As Mamet peels away more and more of his onion of a plot, you may be looking at your watch, but not for the reason that usually causes you to get acquainted with your timepiece in the dark of a theater. You may be thinking, as I did, that you don't want this to end. If Mamet ever wants to turn SPARTAN into a miniseries, I'm there. And, if the average screenwriter had just one tenth of Mamet's talent, movies would be a whole lot more fun.

 

Philadelphia Weekly:

The first rule of Hollywood thrillers is that characters are always extra careful to describe everything that's already occurred in the movie thus far to each other, just to reiterate the obvious for the audience's benefit.

The great thing about Spartan is that it's populated by folks who couldn't give a fuck what you make of the plot. They're all too busy doing their jobs to drop everything and recap for lazy viewers.

Everybody in this film already knows a hell of a lot more than we do going in, so the audience is stuck playing catch-up for the next couple hours. Whether you find this tactic annoying or invigorating is a matter of personal preference. But speaking as someone who has his intelligence insulted on a weekly basis by modern movies, there's something thrilling about a picture that boxes your ears and forces you to sit up and pay attention.

 

Spliced Wire:

It's a movie in which intellect trumps exposition to the point that most of the characters aren't clearly identified, making all of them seem more shadowy and dangerous. The story counts on your ability to think for yourself and draw your own conclusions about evidence trails, incidents, alibis, motives and intentions -- then pulls those conclusions out from under you more than once with substantial surprises that make you think even harder. And it has a palpable atmosphere of pressure-cooker urgency, kept doggedly in check by government agents for whom eye-on-the-prize callousness is compulsory.

 

Just this afternoon, Malaya was commenting about how long it's been since we went to see a movie, which is entirely a function of it being so long since there were any movies released that we wanted to go see. We'll probably catch this one at a matinee this weekend, and we also keep telling each other we should join up at the soulsucking Blockbuster, just so we could rent some of the recent titles that weren't intriguing enough to drop $8 on in the theaters, but would be worth $5 (or whatever Blockbuster rentals cost these days) to see at home.  Stuff like Mystic River and Lost in Translation and School of Rock. Well, maybe not that last one.

 

On the other hand, speaking of secret agent type movies opening this weekend, we've got the totally unnecessary Agent Cody Banks 2. It's only got five reviews so far, but all five are negative, and from the sounds of them, there's not much hope future critics will be kinder.  Here's Spliced Wire:

Director Kevin Allen ("The Big Tease") displays an apathetic contempt for his audience, assuming kids won't notice the endless parade of lazy and lame machinations as long as they get a gratuitous fart joke from time to time, and that parents will soldier through with their lowered expectations.
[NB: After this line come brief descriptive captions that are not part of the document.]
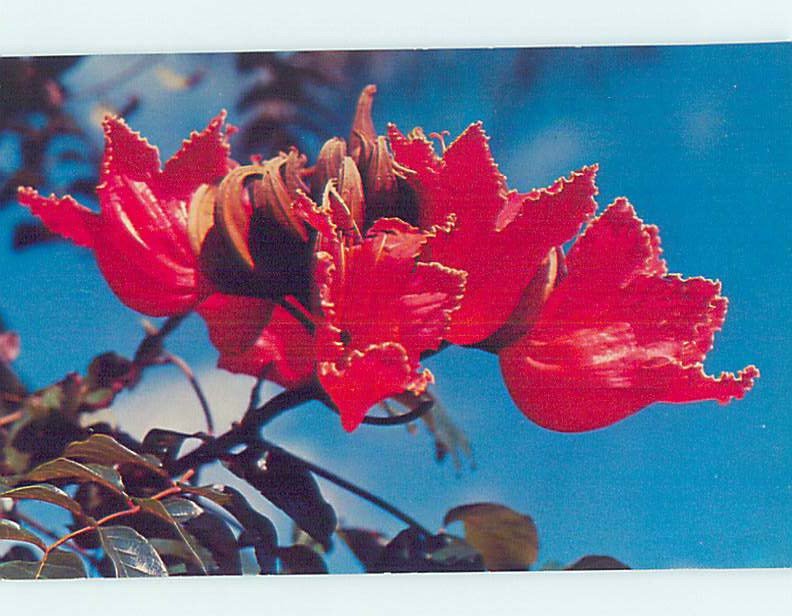 Pre-1980 AFRICAN TULIP TREE Honolulu & Maui Hawaii HI AD2297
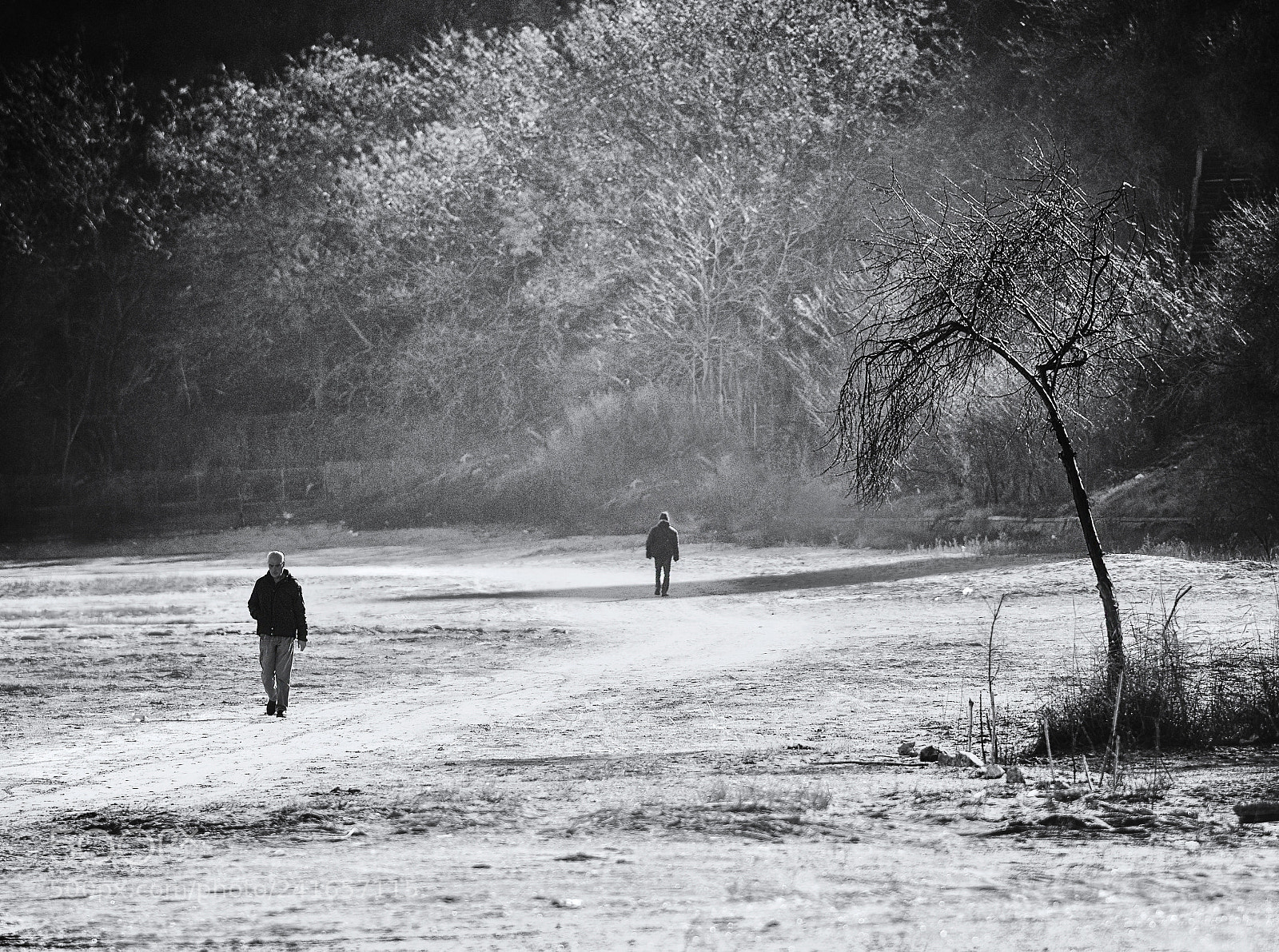 Nikon D7100 sample photo. Morning photography
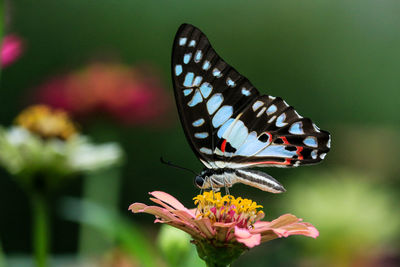 Close-up of butterfly pollinating on flower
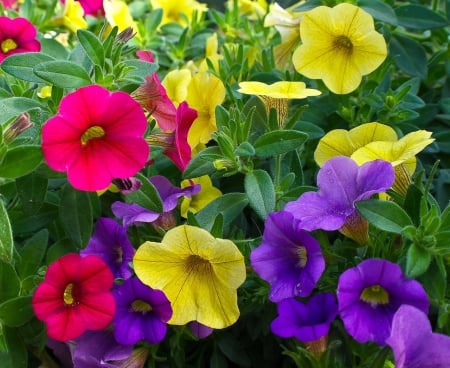 Coloured Flowers! - flowers, coloured, lovely, nature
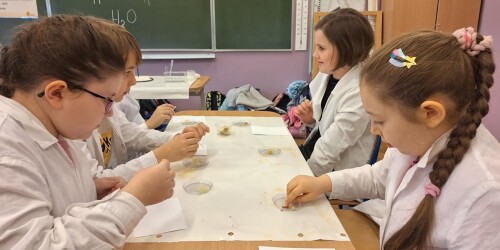 uczniowie uczestniczą w eksperymentach chemicznych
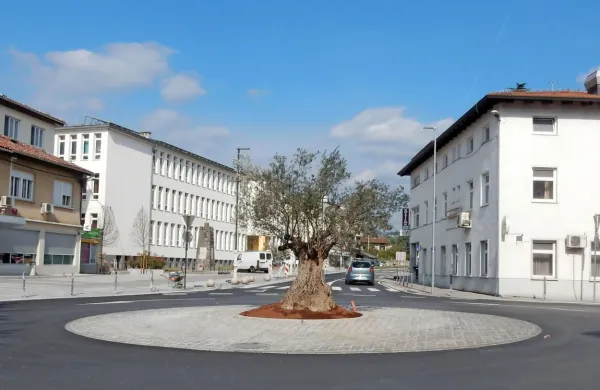 Zaletel se je v oljko v kroži&scaron;ču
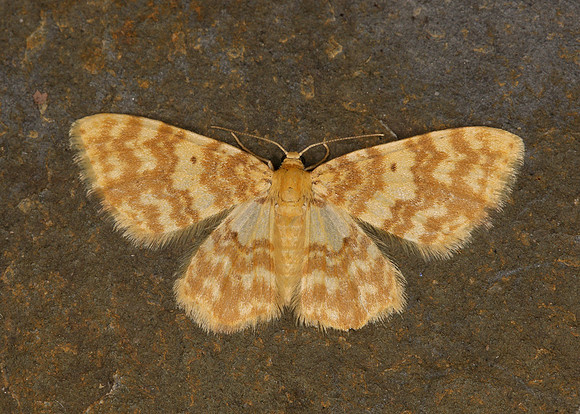 70.114 BF1876 Small Yellow Wave Hydrelia flammeolaria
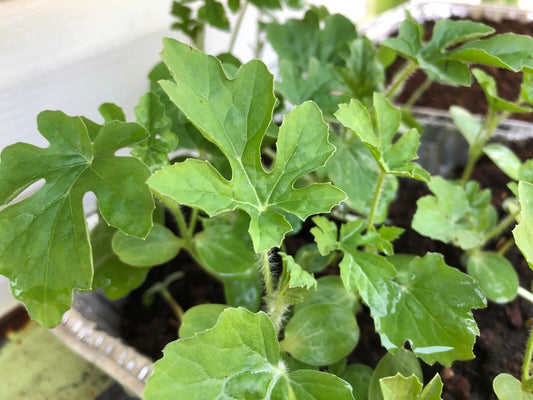 Sugar Baby Watermelon Citrullus Lanatus – Hardy Vegetable Garden Seeds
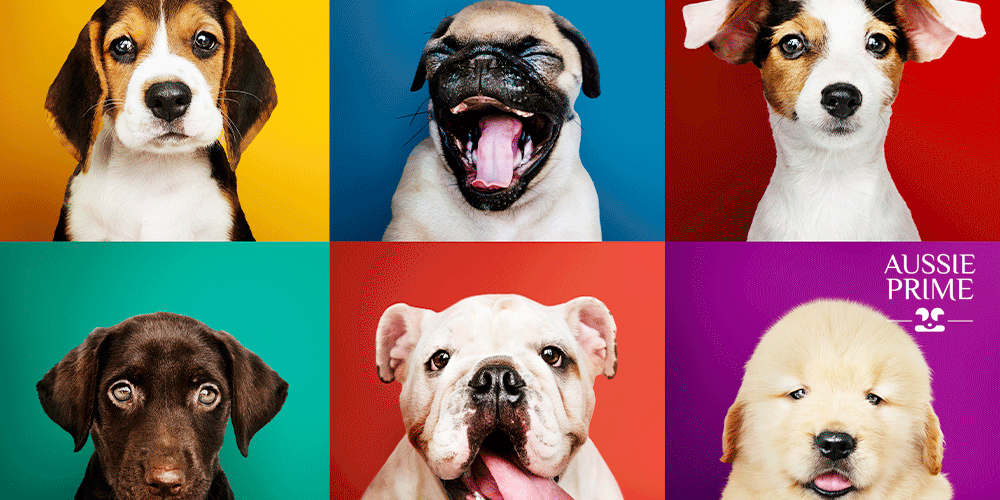 ¿Cómo reflejan las emociones los perros?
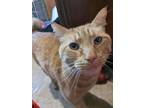 Adopt Oscar a Orange or Red Tabby Domestic Shorthair (short coat) cat in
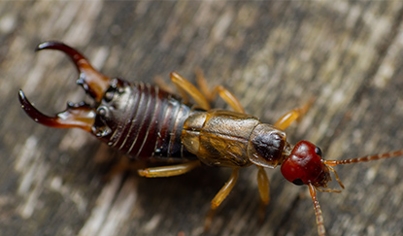 Earwigs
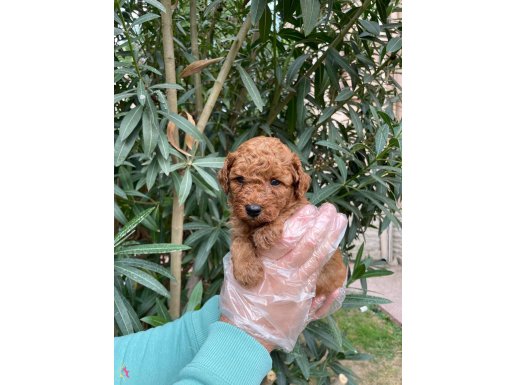 Gerçek Red Brown Toy Poodle Bebeklerimiz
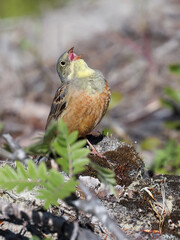 Ortolan Bunting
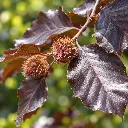 fagus pourpre.webp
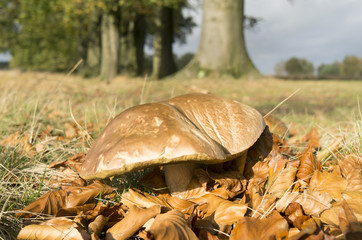Suillus bovinus mushroom.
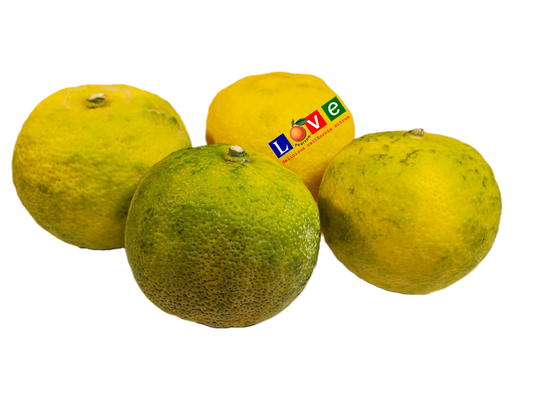 Yuzu - 1 Pound (2-5 ct.)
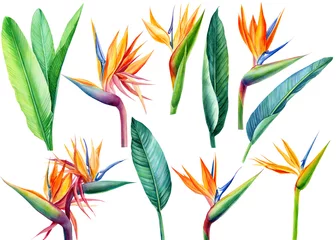 Tuinposter Strelitzia zet tropische heldere bloemen en bladeren, paradijsbloem, strelitzia op witte achtergrond, aquarelillustratie, botanisch schilderij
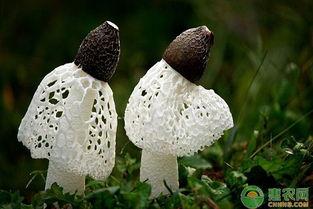 竹荪生长过程视频,从菌种培育到采摘全过程揭秘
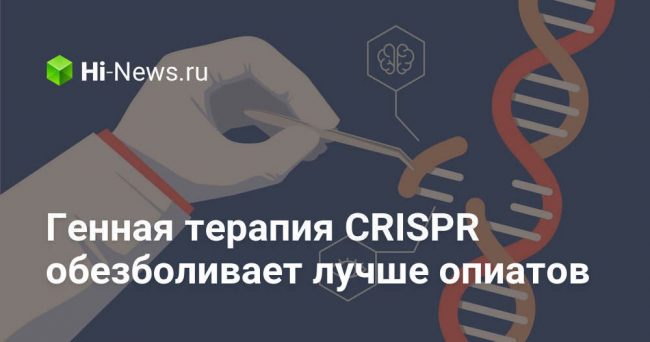 Генная терапия CRISPR обезболивает лучше опиатов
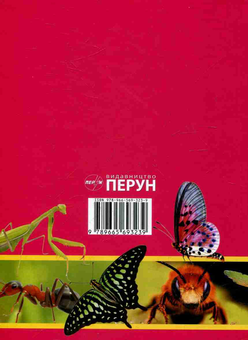 Бумажная книга «Англійсько-український ентомологічний словник / Entomological Dictionary English-Ukrainian» - фото №2 - миниатюра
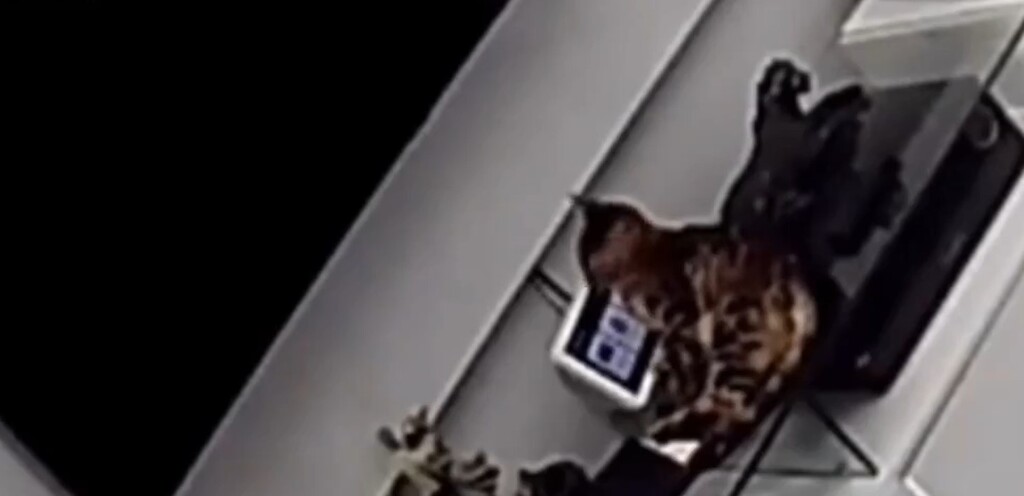 VÍDEO: gato compra tábua de quase R$300 usando a ‘Alexa’ da Amazon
But "it's just a kids' movie" is no excuse for such an insipid and cursory effort.

Of course the tragedy is that ACB2 is getting tons of promotion and has a known TV star, so despite being stupid and awful, it'll make about $50m and then do better on DVD as a "kid's movie" while Spartan is 100x smarter and more interesting, but it's getting zero promotion, has no bankable stars, and will sink without a trace.

Meanwhile, Mel's holy snuff film is up to $232m, is still going strong, and hasn't even begun to take money from Christians in other countries, where it'll probably do nearly as well as it's done in the US thus far.